I've shipped 5gallon buckets USPS before it cost around $38. If your going to bottle it priority boxes work the best. UPS is more expensive.


----------



## bevy's honeybees (Apr 21, 2011)

I have shipped priority many times, until recently anyway. About a month ago I brought in a small priority which holds 2- 1lb flatter plastic jars of honey. I can't remember the style name but I get them from Mann Lake. I can send 2 lbs for $5.80. Medium/large box hold quite a bit more. 

Went to the counter which I've done for 2 years now and they always ask "liquid?" I say yes, honey. This time, they told me no more air on liquids, I have to repack and send by ground. I can't remember the cost but it was more than I wanted to pay. I ended up taking to a postal station that doesn't ask me that question and have sent honey since then but no longer at main post office. I watch tracking to make sure it's getting delivered. 

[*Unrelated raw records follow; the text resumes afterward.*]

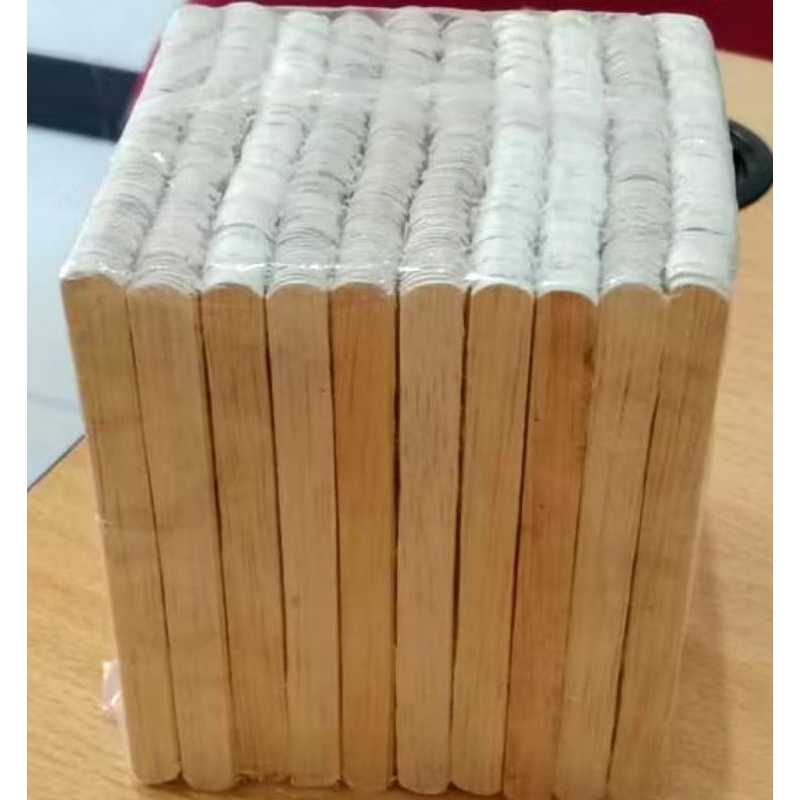 

stick es krim (isi -+ 50 slice)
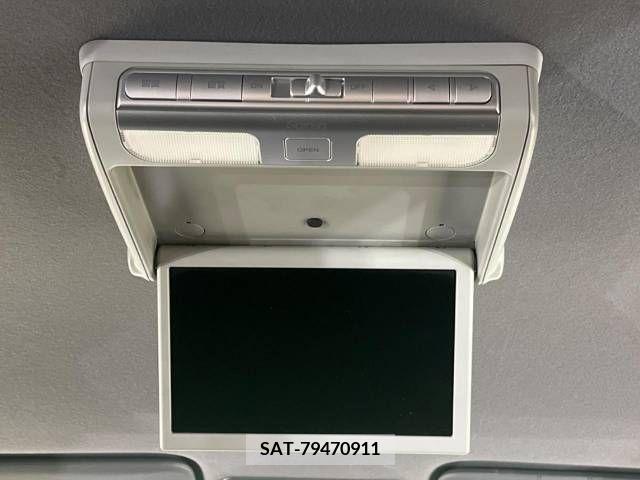 Honda FREED SPIKE 2013-11 270717-4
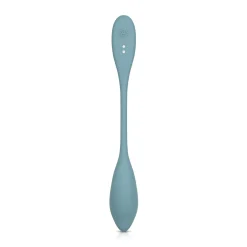 Bloom - The Daisy Vibrerend Eitje - Swipe Technologie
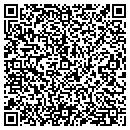 QR code with Prentice Design contacts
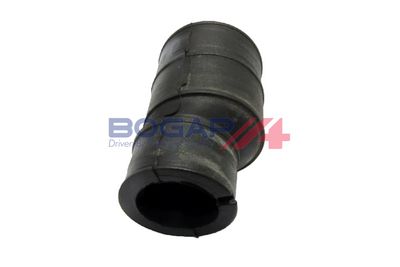 FURTUN EAR SUPRAALIMENTARE BOGAP B1711250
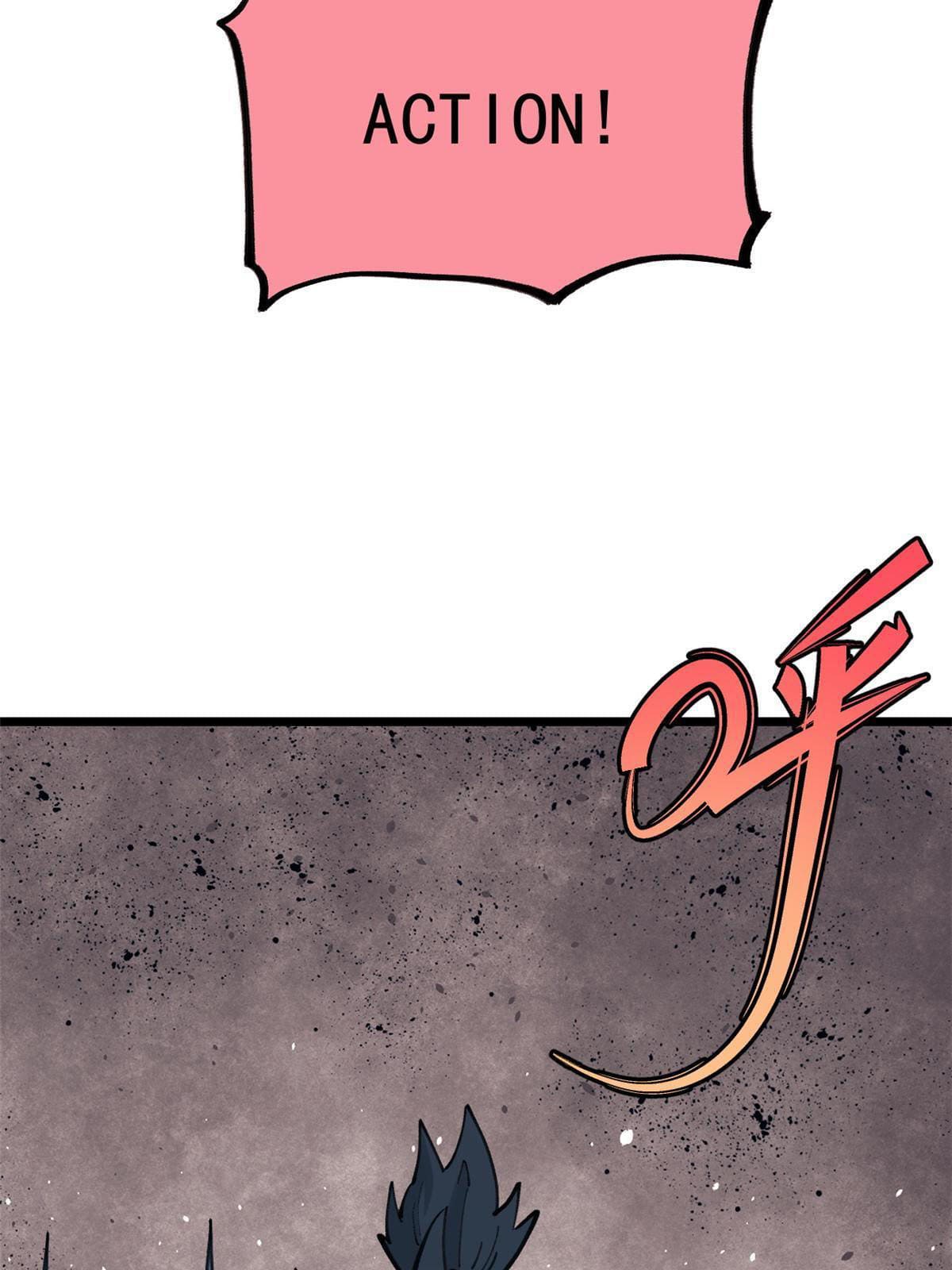 นิกายที่แข็งแกร่งที่สุด (ทันจีน) ตอนที่ 149 หน้า 33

I don't understand why they refused to send honey as it isn't flammable or dangerous in any way. But the wouldn't, and I'm probably going to start sending by ups, through my son's business. 

Wanted to give you a heads up on what happened to me.


----------



## Mbeck (Apr 27, 2011)

My guess would be the change in pressure of air travel may cause leaks.

Priority works the best I just wish I had bottles that fit perfectly. Lots of things to consider when you choose packaging.

How about overseas? Does anyone have experience shipping?


----------